Little Black Boxes

August 3, 2009

Recently I’ve been exploring my hypersensitivity to being controlled. I used feel guilty about it. When I examine the past, in situations where this has led to a negative outcome, that negative outcome has been the destruction or compromise of a relationship with the other person. The thing they were trying to force me to do was rarely, or poorly done if at all.

I was not able to satisfactorily articulate my considerable distaste for external control, and my preference for comprehension. I’ve been asking “why” my entire life, and have hit a wall many times because of people feeling threatened. It’s a challenge to ask people to reformulate their orders into an expression of needs.

My brain likes pattern matching, and is near-constantly trying to reconcile the multiple inputs it receives. For better or worse, I call it systemic algebra. When it receives new input that doesn’t match the pattern of the increasingly complex model of the world in my head, it adjusts the model.

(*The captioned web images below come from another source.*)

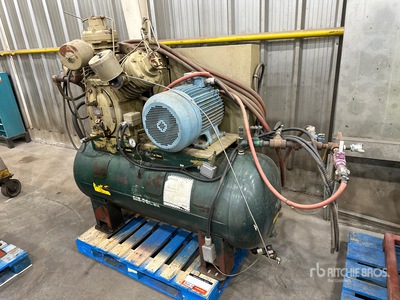 Ingersoll Rand 25T2 Electric Air Compressor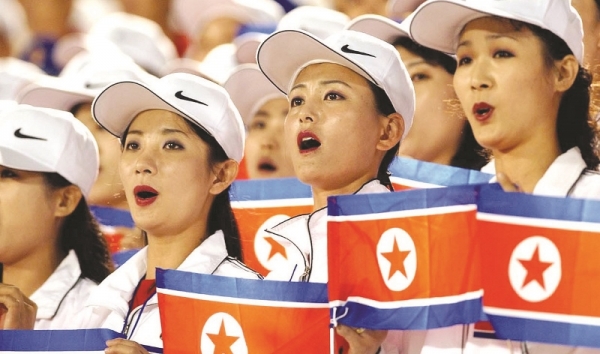 지난 2002부산아시안게임 때 북한이 파견한 미녀응원단이 인공기를 흔들며 응원하고 있다.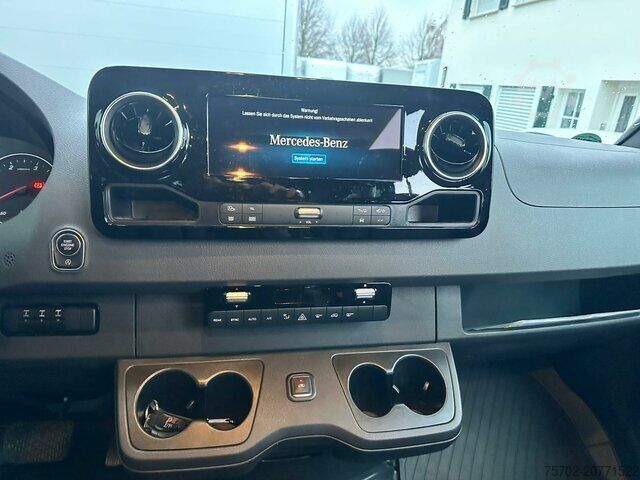 High top van Mercedes-Benz 419 Sprinter Tourer IGLHAUT ALLRAD 9-Sitzer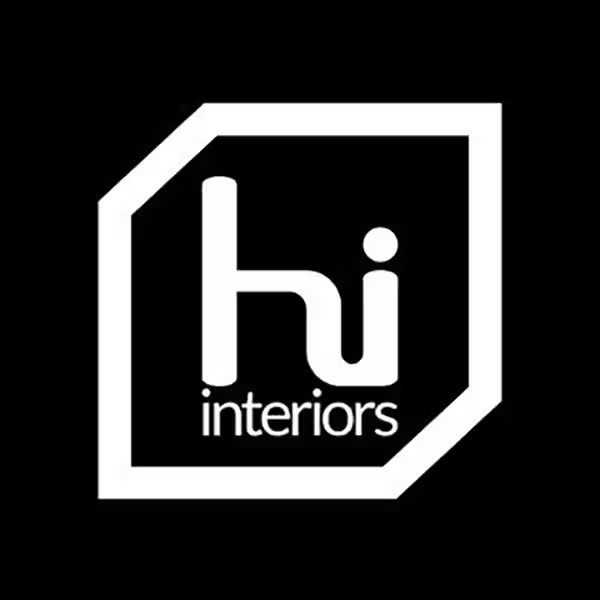 OPTOMA PORTA LA TECNOLOGIA IMMERSIVA AL LETTO DI LUSSO HIAM DI HI-INTERIORS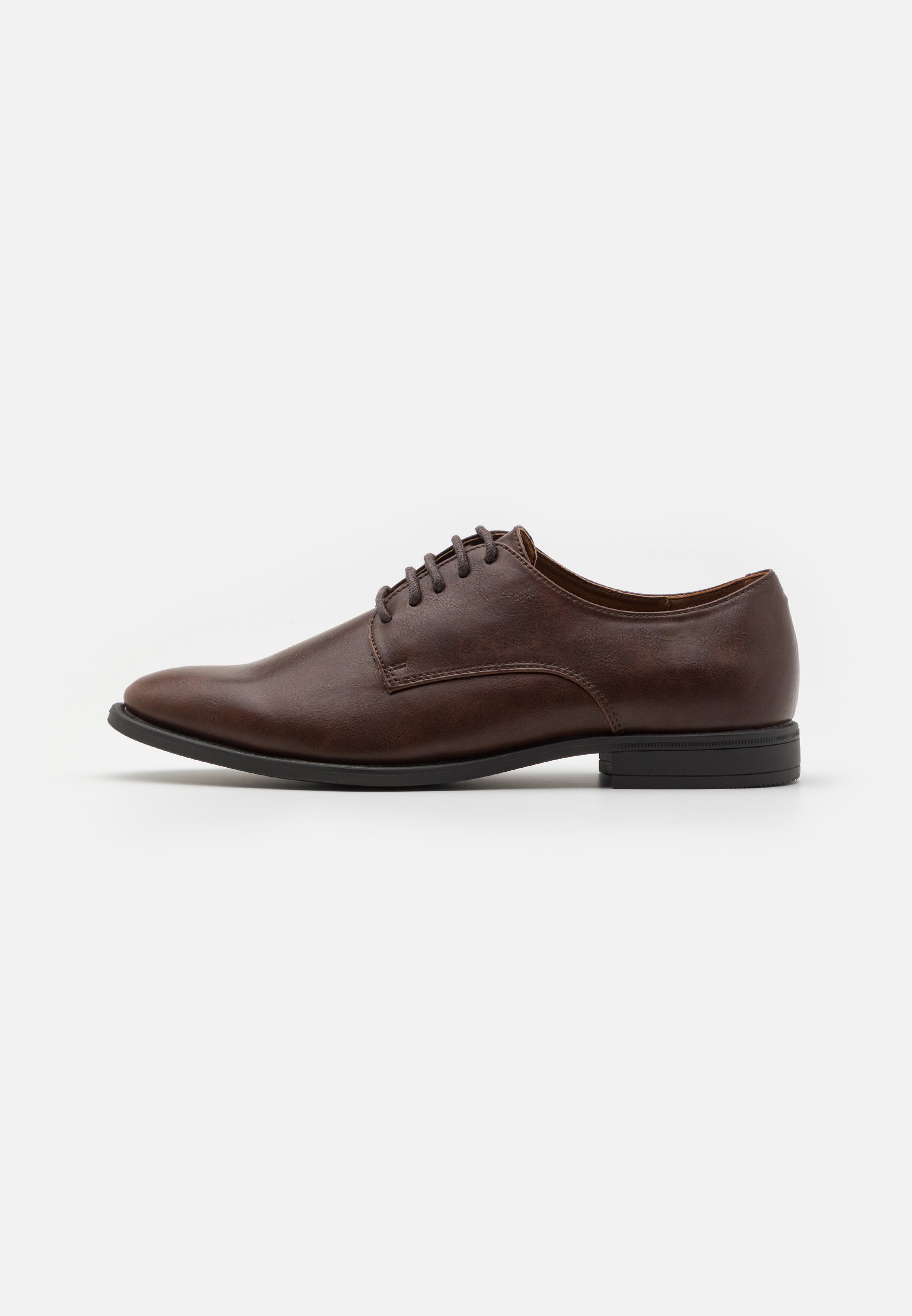 Smart lace-ups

In this sense, getting older has had an overarching theme of both increased comprehension and decreased comprehension. There are parts of the system which I will not understand, perhaps ever. Those black boxes are unpredictable, and that the only reasonable thing I can predict is that they’ll resolve with whatever needs to happen.

Or more concretely: I trust that people will do the right thing for them, given their worldview.

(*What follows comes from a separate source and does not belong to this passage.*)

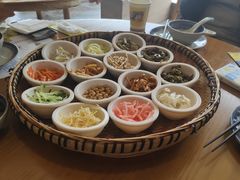 -包整·丝娃娃(一览甲秀楼风景店)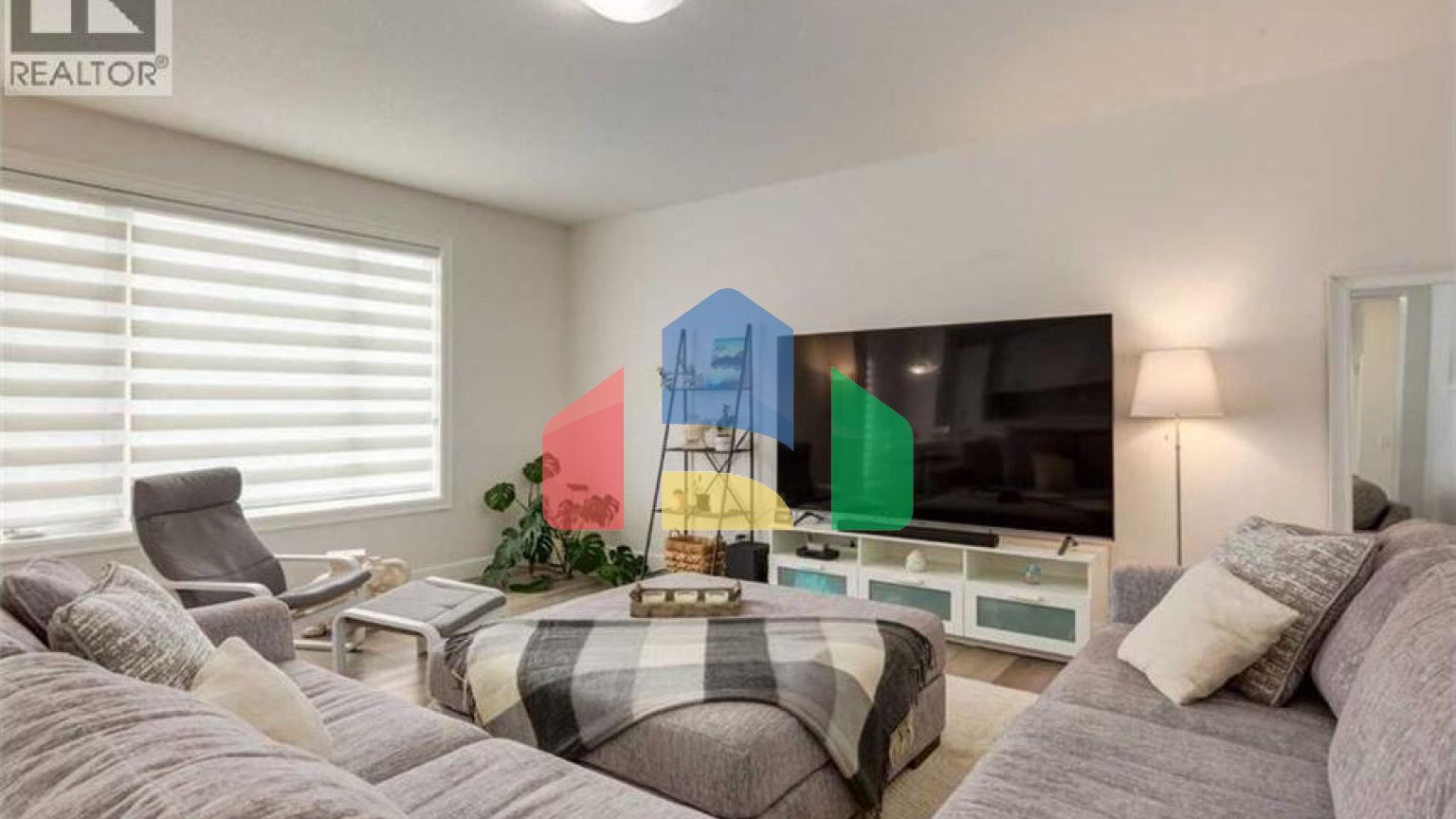 Residential - Single Family Home - Calgary, Canada - Canada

I think some people would argue with this idea, saying it leaves no room for altruism; that a martyr acts “selflessly” to further the needs of the community. I think motive is inherently selfish—not in a pejorative sense, but that needs are ultimately part of the individual. A person’s actions are a function of attempting to meet the need which is immediately strongest.

Fasting, asceticism, self-inflicted injury, suicide, workaholism or similar behavior are fulfilling an unmet need for control or power. I think prayer is probably the most simple behavior a human can engage in that fills a power need. The idea is seductive—that by talking (in your head) to someone or something that’s listening can have a material effect on the real world. This is incredibly powerful.

This is still a thought in progress.